Records from a data collection
###
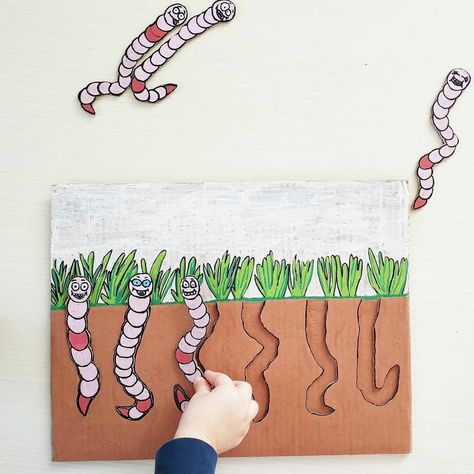 Worms Preschool, Worm Crafts, Cardboard Puzzle, Creative Math, Preschool Activities Toddler, Diy Puzzles, Puzzle Crafts, Craft Ideas For Kids, Aktivitas Montessori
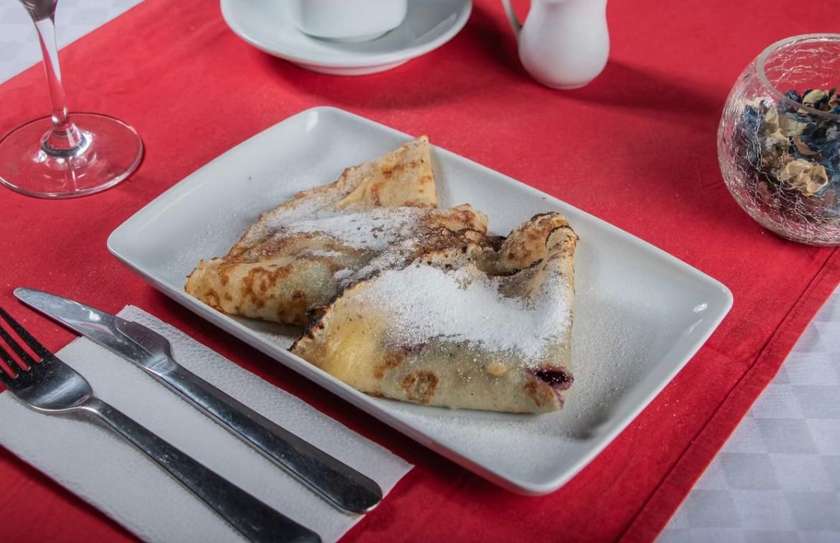 Clatite cu dulceata de visine 150g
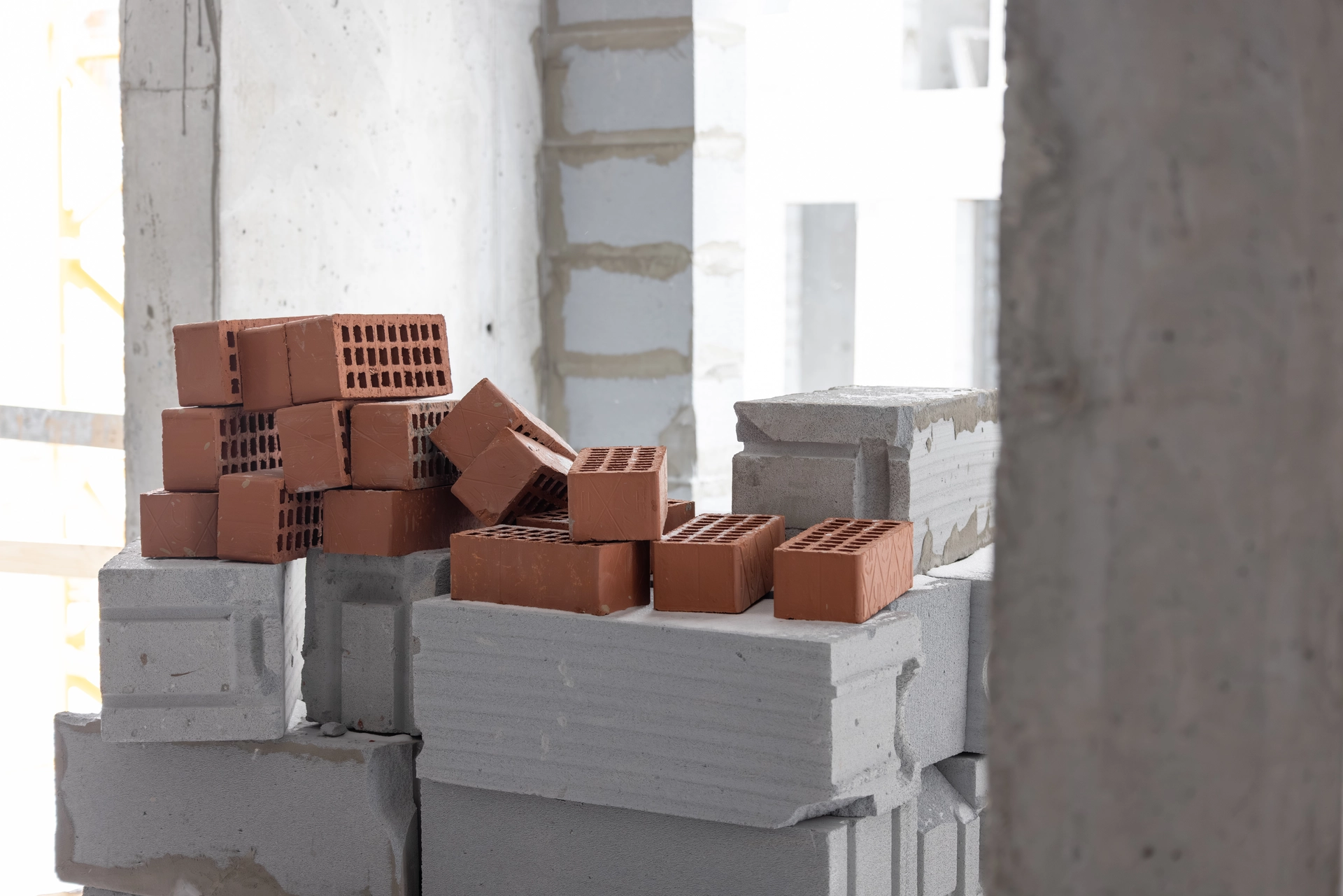 Малевич
1 секция шестого дома
проводим кровельные работы
поставили окна на 3 этаже
приступили к монтажу системы канализации
Фотография загружена 15 марта 2026 года.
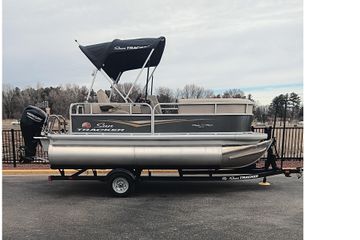 2025 Sun Tracker Party Barge 18 DLX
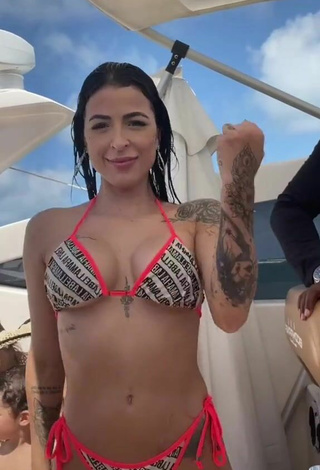 2. Hermosa Amanda Ferreira Enseña Escote Con Bikini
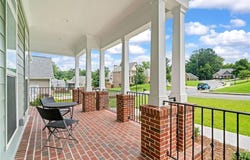 4711 W Lakeshore Drive, Acworth, GA 30101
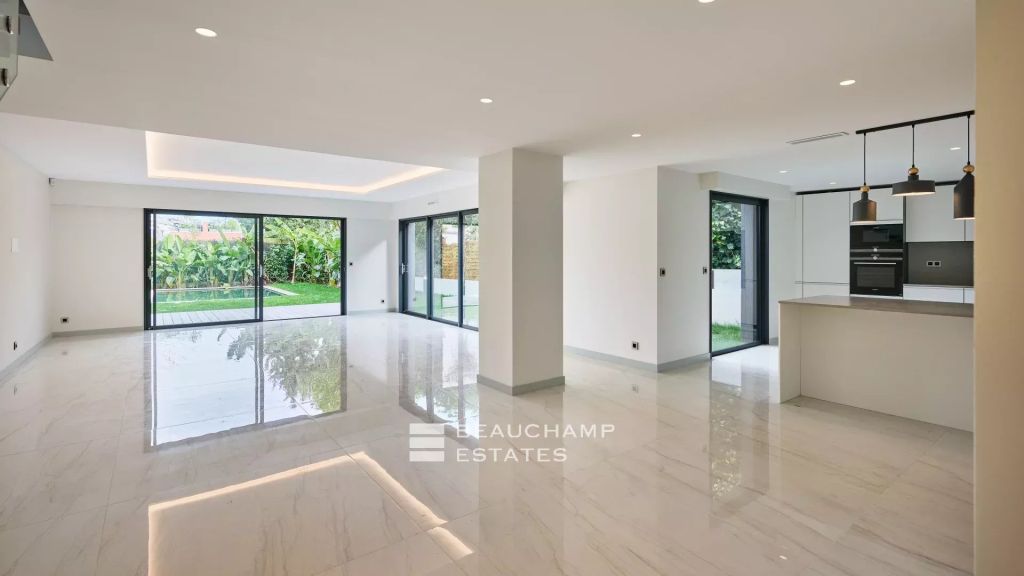 4-Bedroom Apartment with Private Garden and Swimming Pool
###
*WHAT YOU ARE ASKED TO DO*
All lines above between the line that contains "проводим кровельные работы" and the last line of the entries, both included, must be transcribed exactly. No pictures are to appear.

*WRITTEN SOLUTION*
проводим кровельные работы
поставили окна на 3 этаже
приступили к монтажу системы канализации
Фотография загружена 15 марта 2026 года.
 2025 Sun Tracker Party Barge 18 DLX
 2. Hermosa Amanda Ferreira Enseña Escote Con Bikini
 4711 W Lakeshore Drive, Acworth, GA 30101
 4-Bedroom Apartment with Private Garden and Swimming Pool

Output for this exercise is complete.